Since we are dealing with real life data, we will need to preprocess it a bit.

If you want to know how to do that, go through the code with comments. In any case, this should do the trick for most datasets organized in the way: many inputs, and then 1 cell containing the targets (supersized learning datasets). Keep in mind that a specific problem may require additional preprocessing.

Note that we have removed the header row, which contains the names of the categories.

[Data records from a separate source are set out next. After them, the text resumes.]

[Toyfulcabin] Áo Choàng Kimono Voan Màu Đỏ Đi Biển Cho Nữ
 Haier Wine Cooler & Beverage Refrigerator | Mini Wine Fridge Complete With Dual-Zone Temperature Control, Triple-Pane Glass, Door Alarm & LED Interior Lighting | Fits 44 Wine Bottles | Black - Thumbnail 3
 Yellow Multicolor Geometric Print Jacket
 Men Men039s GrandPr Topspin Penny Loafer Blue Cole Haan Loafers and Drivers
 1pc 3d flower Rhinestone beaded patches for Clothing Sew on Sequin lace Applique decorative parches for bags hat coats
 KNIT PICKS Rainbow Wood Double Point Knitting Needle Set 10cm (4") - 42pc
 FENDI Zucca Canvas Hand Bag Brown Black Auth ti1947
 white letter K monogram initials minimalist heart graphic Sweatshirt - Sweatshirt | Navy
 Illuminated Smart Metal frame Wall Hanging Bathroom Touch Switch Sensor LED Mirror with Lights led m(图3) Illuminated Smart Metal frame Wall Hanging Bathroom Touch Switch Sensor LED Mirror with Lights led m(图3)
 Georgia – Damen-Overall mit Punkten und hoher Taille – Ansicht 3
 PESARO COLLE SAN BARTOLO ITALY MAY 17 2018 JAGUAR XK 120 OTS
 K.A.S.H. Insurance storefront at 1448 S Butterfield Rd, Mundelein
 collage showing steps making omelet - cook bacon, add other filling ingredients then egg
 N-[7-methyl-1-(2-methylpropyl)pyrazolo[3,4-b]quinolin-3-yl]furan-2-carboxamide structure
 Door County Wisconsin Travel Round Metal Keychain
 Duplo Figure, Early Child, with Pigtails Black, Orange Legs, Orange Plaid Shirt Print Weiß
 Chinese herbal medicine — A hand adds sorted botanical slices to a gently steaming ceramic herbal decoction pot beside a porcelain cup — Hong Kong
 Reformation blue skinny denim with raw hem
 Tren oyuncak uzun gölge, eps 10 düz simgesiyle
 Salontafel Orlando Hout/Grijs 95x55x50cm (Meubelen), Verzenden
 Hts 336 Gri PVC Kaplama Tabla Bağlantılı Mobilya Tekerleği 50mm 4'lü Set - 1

We simply need the numerical data.

## Extract Data from the csv

In [45]:
import numpy as np

from sklearn.preprocessing import StandardScaler

import pickle

In [46]:
raw_csv_data = np.loadtxt(
    "/home/angelo/repos/vscode_repos/customer_analytics_2022/Data/Audiobooks_data.csv",
    delimiter=",",
)

In [47]:
# we want all but the first and last column
unscalled_inputs_all = raw_csv_data[:, 1:-1]

# dependent feature
targets_all = raw_csv_data[:, -1]

## Balance the dataset

In [48]:
# 1. count the number of targets == 1 by summing the column
num_one_targets = int(np.sum(targets_all))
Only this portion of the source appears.